Following his inauguration on March 4, Roosevelt immediately sought to stem the financial panic that had begun with the stock market crash of 1929 and to restore public confidence. He started by closing the nation’s banks on March 6. On June 16, 1933, FDR signed the Banking Act, which separated commercial banking from investment banking and established the Federal Deposit Insurance Corporation (FDIC). He also signed the Farm Credit Act, the Emergency Railroad Transportation Act, and the National Industrial Recovery Act (which created the Public Works Administration).

Franklin D. Roosevelt at Desk. Harris & Ewing, photographer. Harris & Ewing Collection. Prints & Photographs Division

June 16, 1933, also marked the end of the first hundred days of the presidency of Franklin Delano Roosevelt (FDR). Those one hundred days were a period of frenetic activity.

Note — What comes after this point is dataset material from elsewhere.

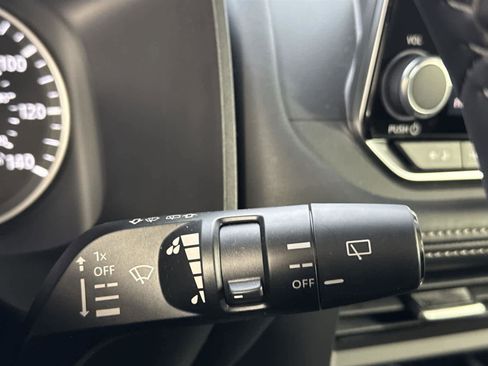 Used 2026 Nissan Rogue SV w/ SV Premium Package image 27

The investment of federal monies in a series of public works programs, which provided desperately needed jobs, formed an integral part of Roosevelt’s domestic agenda, the New Deal. Under Secretary of the Interior Harold Ickes, the Public Works Administration initiated and oversaw about 34,000 public works projects. Millions of unemployed Americans went to work in the 1930s in programs such as the Work Projects Administration (originally named the Works Progress Administration), the Civilian Conservation Corps, and the Tennessee Valley Authority.

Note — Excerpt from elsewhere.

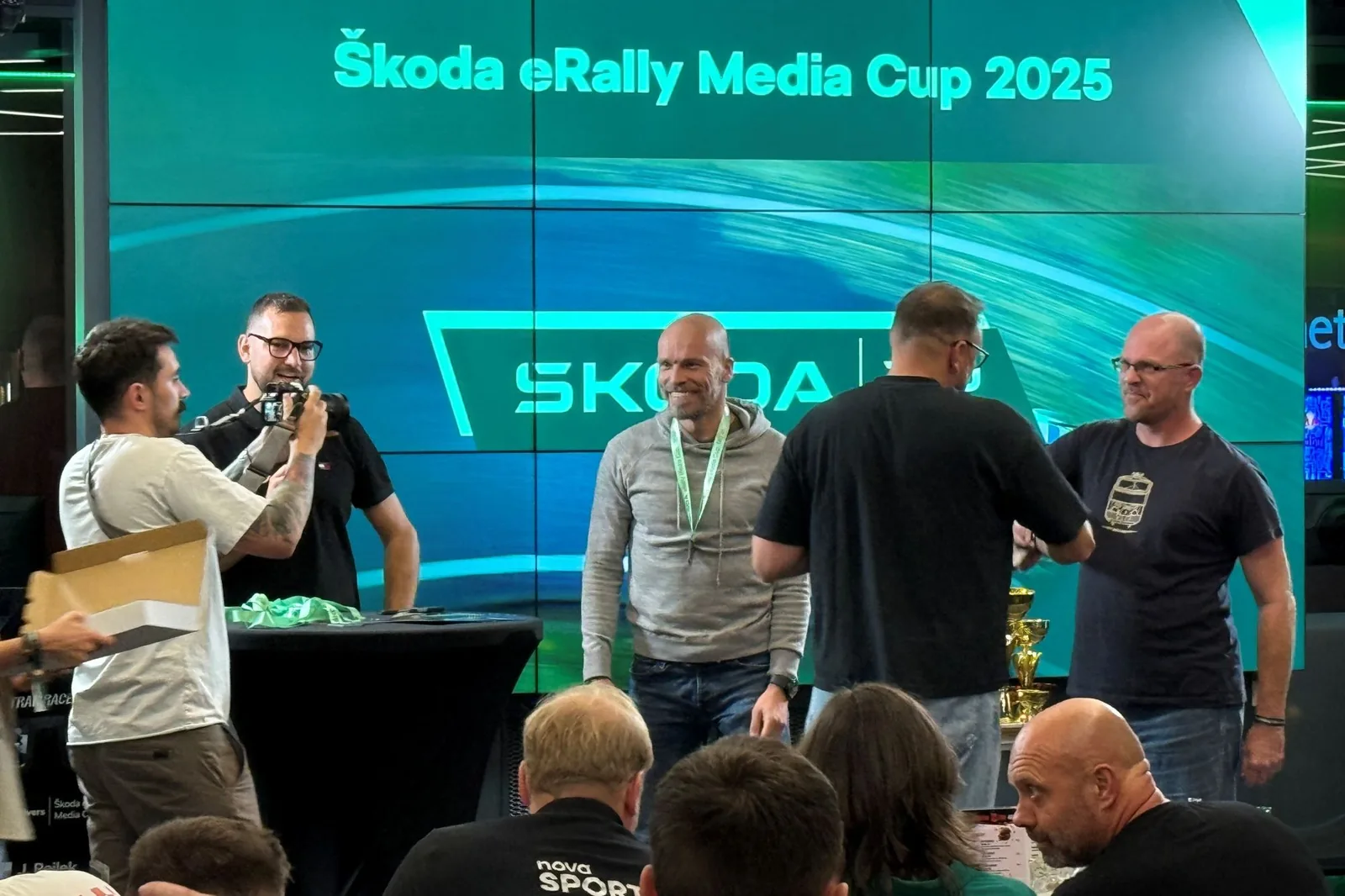 Akce Škoda eRally Media Cup ve Vodafone PLAYzone Areně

Electric Phosphate Smelting Furnace Used to Make Elemental Phosphorus…vicinity of Muscle Shoals, Alabama. Alfred T. Palmer, photographer, June 1942. Farm Security Administration/Office of War Information Color Photographs. Prints & Photographs Division
Family Living on Riverboat, Charleston, West Virginia. Husband now on WPA (Works Progress Administration) labor. Marion Post Wolcott, photographer, Sept. 1938. Farm Security Administration/Office of War Information Black-and-White Negatives. Prints & Photographs Division

The Folklore Project of the Federal Writers’ Project, a New Deal program established in 1935, employed writers to collect life histories from a broad spectrum of American citizens. Many of those interviewed expressed gratitude for the New Deal programs:

I am heartily in favor of the New Deal, and its results are apparent even in my neighborhood. In former years, my pastor…was often hard put to it to take care of some of his flock. But the work furnished and the wages paid to those in our neighborhood on the WPA [Works Progress Administration] are apparent, and if it is so in this small section, what must its accomplishments and rehabilitative affects be throughout the United States?

Mrs. Eulalia McCranie.” Rose Shepherd, interviewer; Jacksonville, Florida, ca. February 23, 1939. American Life Histories: Manuscripts from the Federal Writers’ Project, 1936 to 1940. Manuscript Division

To my mind one of the greatest accomplishments of the New Deal has been the organization of the Civilian Conservation Camps. The training given the boys will be of lasting benefit. They have changed many a boy from a liability to a valuable asset to his country. They have kept thousands of boys off the roads just idly roaming over the country…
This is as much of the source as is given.